EXERCISE OBJECTIVE →
Your reply should consist of the entries, copied exactly and stripped of images.

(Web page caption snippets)
<<<<
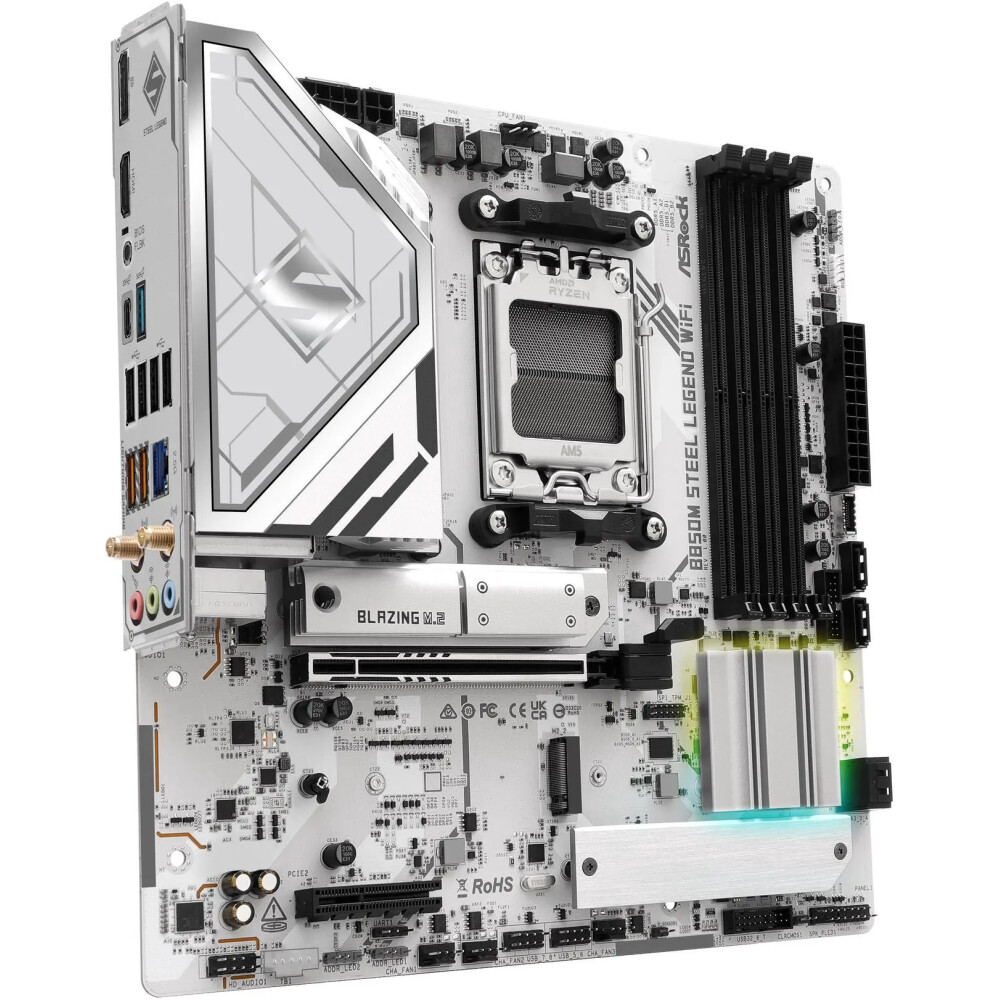 Motherboard ASRock B850M Steel Legend WiFi Socket AM5 Micro ATX - Imagen 5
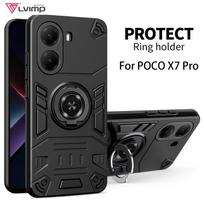 For POCO C75 Armor Shockproof Phone Case For Poco X7 Pro F7 C71 Soft TPU Frame Hard Plastic Protective Back Cover Pc + tpu&Poco x7 juoda
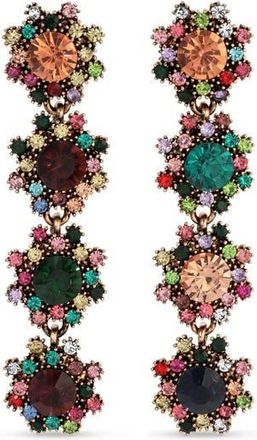 Eye Candy Los Angeles Dolly Cluster Link Drop Earrings in Gold at Nordstrom Rack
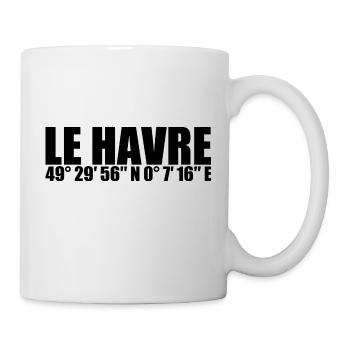 Le Havre Coordinates - Mug - white - Right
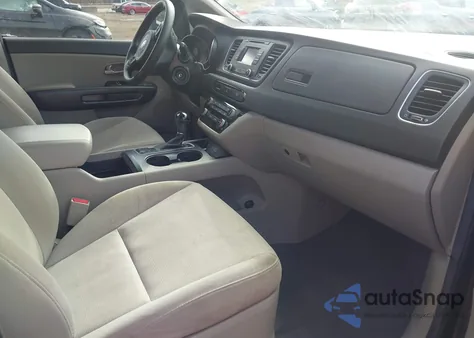 2015 Kia Sedona Lx z USA, uszkodzony, nr VIN KNDMB5C1XF6073217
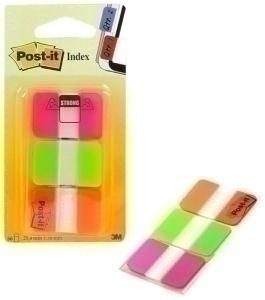 BANDERITAS ADHESIVAS POST-IT 686 RIGIDO (NARANJA-ROSA-VERDE)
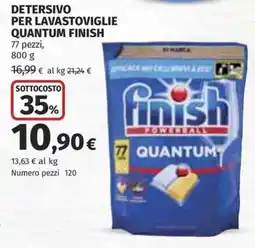 Ipercoop Detersivo per lavastoviglie Quantum Finish offerta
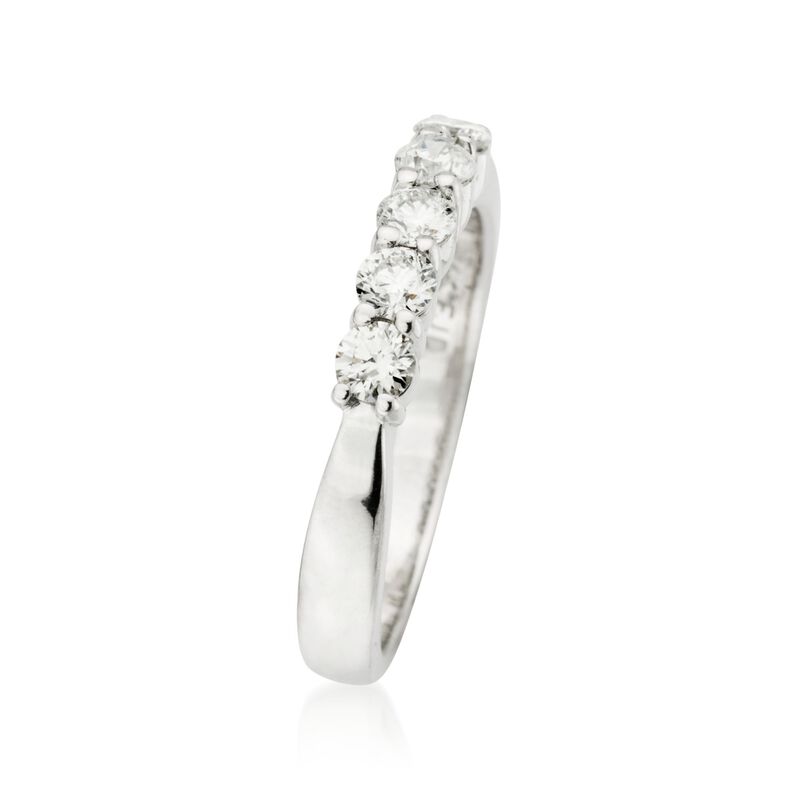 .50 ct. t.w. Diamond 5-Stone Wedding Band in 14kt White Gold image number 2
>>>>
OUTPUT →
 Motherboard ASRock B850M Steel Legend WiFi Socket AM5 Micro ATX - Imagen 5
 For POCO C75 Armor Shockproof Phone Case For Poco X7 Pro F7 C71 Soft TPU Frame Hard Plastic Protective Back Cover Pc + tpu&Poco x7 juoda
 Eye Candy Los Angeles Dolly Cluster Link Drop Earrings in Gold at Nordstrom Rack
 Le Havre Coordinates - Mug - white - Right
 2015 Kia Sedona Lx z USA, uszkodzony, nr VIN KNDMB5C1XF6073217
 BANDERITAS ADHESIVAS POST-IT 686 RIGIDO (NARANJA-ROSA-VERDE)
 Ipercoop Detersivo per lavastoviglie Quantum Finish offerta
 .50 ct. t.w. Diamond 5-Stone Wedding Band in 14kt White Gold image number 2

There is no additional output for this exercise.